### What is required
Exactly the lines from the one containing "Gele en roze" through the final line of the data below, with pictures omitted, make up the answer.

### The data
- - - -

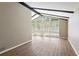 Spacious living room featuring vaulted ceilings, modern floors, and bright, natural light at 553 Candlewood Dr, Stone Mountain, GA 30088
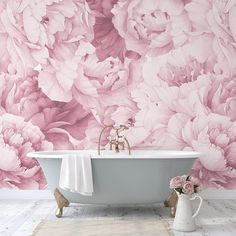 a bath tub sitting next to a wall covered in pink peonies and flowers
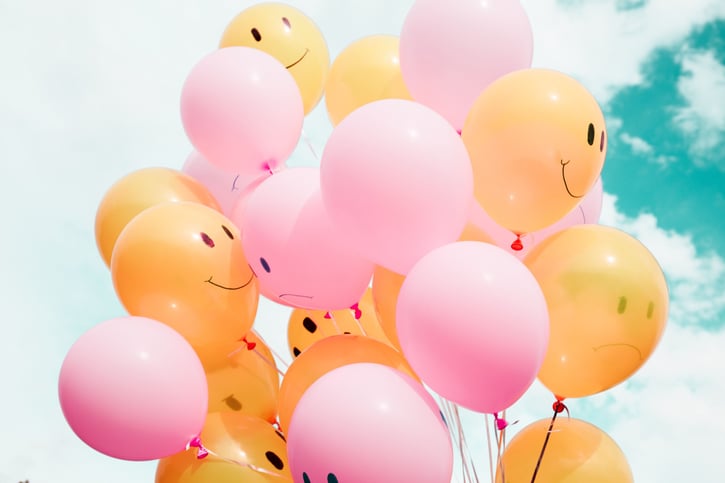 Gele en roze ballonnen met smiley gezichtjes met een wolken achtergrond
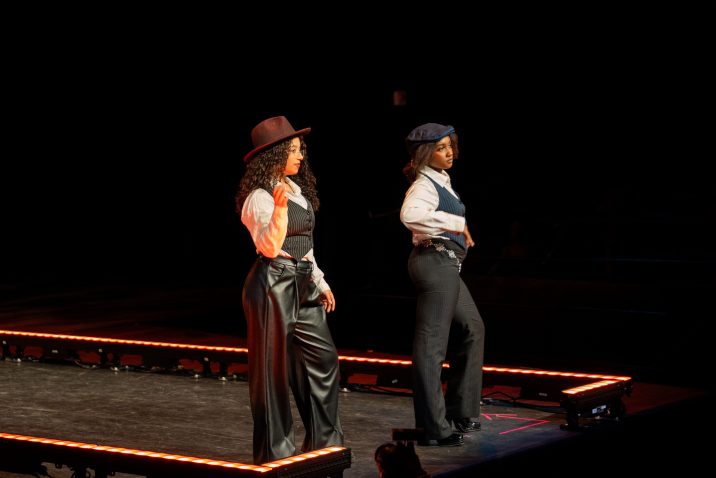 Two women posed at the end of a stage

- - - -

### Written response
 Gele en roze ballonnen met smiley gezichtjes met een wolken achtergrond
 Two women posed at the end of a stage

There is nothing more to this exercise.